#### Task to carry out:
Transcribe, verbatim, every line from the start of the entries through the line that contains "Wit Over de"; include both boundary lines and omit all others.

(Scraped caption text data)
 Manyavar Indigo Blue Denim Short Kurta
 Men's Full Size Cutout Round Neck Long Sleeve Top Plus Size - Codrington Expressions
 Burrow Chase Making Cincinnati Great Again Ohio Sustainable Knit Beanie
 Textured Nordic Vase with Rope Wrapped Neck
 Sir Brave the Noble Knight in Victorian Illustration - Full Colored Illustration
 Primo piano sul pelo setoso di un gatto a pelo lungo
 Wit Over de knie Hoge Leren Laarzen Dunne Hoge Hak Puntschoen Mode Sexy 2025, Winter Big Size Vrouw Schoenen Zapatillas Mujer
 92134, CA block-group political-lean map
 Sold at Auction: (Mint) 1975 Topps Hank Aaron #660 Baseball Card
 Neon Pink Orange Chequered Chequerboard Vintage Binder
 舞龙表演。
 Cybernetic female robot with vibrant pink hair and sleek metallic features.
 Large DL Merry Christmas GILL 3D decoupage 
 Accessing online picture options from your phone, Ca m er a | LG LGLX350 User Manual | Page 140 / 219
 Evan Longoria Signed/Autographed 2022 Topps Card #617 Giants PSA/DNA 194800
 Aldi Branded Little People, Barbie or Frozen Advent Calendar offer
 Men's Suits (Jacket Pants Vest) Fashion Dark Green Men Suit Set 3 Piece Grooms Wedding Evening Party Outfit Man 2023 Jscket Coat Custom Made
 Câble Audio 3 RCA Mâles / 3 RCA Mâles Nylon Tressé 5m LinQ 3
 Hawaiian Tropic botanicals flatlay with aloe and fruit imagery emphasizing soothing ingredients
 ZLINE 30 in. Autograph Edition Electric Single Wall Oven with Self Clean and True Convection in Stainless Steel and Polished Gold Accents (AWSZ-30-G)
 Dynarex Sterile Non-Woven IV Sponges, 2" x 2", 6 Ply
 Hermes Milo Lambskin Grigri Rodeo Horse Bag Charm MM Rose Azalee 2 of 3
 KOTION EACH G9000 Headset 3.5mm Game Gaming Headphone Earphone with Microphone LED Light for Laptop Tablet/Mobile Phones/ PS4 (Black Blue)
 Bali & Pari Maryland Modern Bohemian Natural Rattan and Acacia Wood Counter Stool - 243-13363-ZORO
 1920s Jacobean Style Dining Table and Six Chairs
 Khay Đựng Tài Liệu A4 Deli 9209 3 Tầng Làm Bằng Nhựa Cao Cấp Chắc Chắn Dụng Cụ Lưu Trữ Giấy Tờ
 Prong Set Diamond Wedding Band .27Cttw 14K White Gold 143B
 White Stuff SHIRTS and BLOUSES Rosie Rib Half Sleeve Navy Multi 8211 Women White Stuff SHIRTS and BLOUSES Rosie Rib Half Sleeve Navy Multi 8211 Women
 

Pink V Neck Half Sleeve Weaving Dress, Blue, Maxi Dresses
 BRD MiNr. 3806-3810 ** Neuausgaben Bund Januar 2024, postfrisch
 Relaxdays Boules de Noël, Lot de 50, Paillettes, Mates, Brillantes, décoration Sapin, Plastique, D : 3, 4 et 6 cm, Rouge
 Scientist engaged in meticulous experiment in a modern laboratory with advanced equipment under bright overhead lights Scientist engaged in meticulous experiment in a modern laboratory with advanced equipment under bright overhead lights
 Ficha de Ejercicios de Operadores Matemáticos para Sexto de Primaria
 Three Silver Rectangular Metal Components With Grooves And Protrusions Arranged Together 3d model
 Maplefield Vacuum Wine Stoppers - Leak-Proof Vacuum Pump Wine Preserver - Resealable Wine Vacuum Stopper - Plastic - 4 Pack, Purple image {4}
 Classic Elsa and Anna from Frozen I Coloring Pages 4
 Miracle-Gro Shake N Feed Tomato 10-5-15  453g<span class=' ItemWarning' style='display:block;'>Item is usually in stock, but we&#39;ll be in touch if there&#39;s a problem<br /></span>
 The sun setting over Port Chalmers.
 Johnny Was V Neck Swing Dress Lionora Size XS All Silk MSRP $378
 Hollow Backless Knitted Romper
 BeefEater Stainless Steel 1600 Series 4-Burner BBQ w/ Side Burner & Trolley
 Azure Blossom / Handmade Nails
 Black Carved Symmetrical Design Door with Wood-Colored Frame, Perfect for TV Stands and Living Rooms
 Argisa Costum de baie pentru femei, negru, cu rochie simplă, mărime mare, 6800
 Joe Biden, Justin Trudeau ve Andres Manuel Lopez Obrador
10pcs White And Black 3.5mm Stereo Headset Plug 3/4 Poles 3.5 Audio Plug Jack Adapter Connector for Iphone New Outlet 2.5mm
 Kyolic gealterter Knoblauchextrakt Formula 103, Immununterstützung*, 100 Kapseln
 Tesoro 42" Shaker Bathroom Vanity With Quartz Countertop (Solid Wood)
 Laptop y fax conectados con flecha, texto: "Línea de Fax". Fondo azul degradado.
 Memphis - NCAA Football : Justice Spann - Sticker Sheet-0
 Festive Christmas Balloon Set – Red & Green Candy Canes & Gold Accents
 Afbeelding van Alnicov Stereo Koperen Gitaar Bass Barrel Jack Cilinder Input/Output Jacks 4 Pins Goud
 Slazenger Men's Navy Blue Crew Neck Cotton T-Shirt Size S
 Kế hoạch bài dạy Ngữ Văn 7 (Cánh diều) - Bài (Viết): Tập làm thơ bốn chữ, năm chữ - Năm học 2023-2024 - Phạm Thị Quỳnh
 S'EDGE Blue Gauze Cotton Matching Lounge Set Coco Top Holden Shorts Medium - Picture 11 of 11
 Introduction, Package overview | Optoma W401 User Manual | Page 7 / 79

#### Worked solution:
 Manyavar Indigo Blue Denim Short Kurta
 Men's Full Size Cutout Round Neck Long Sleeve Top Plus Size - Codrington Expressions
 Burrow Chase Making Cincinnati Great Again Ohio Sustainable Knit Beanie
 Textured Nordic Vase with Rope Wrapped Neck
 Sir Brave the Noble Knight in Victorian Illustration - Full Colored Illustration
 Primo piano sul pelo setoso di un gatto a pelo lungo
 Wit Over de knie Hoge Leren Laarzen Dunne Hoge Hak Puntschoen Mode Sexy 2025, Winter Big Size Vrouw Schoenen Zapatillas Mujer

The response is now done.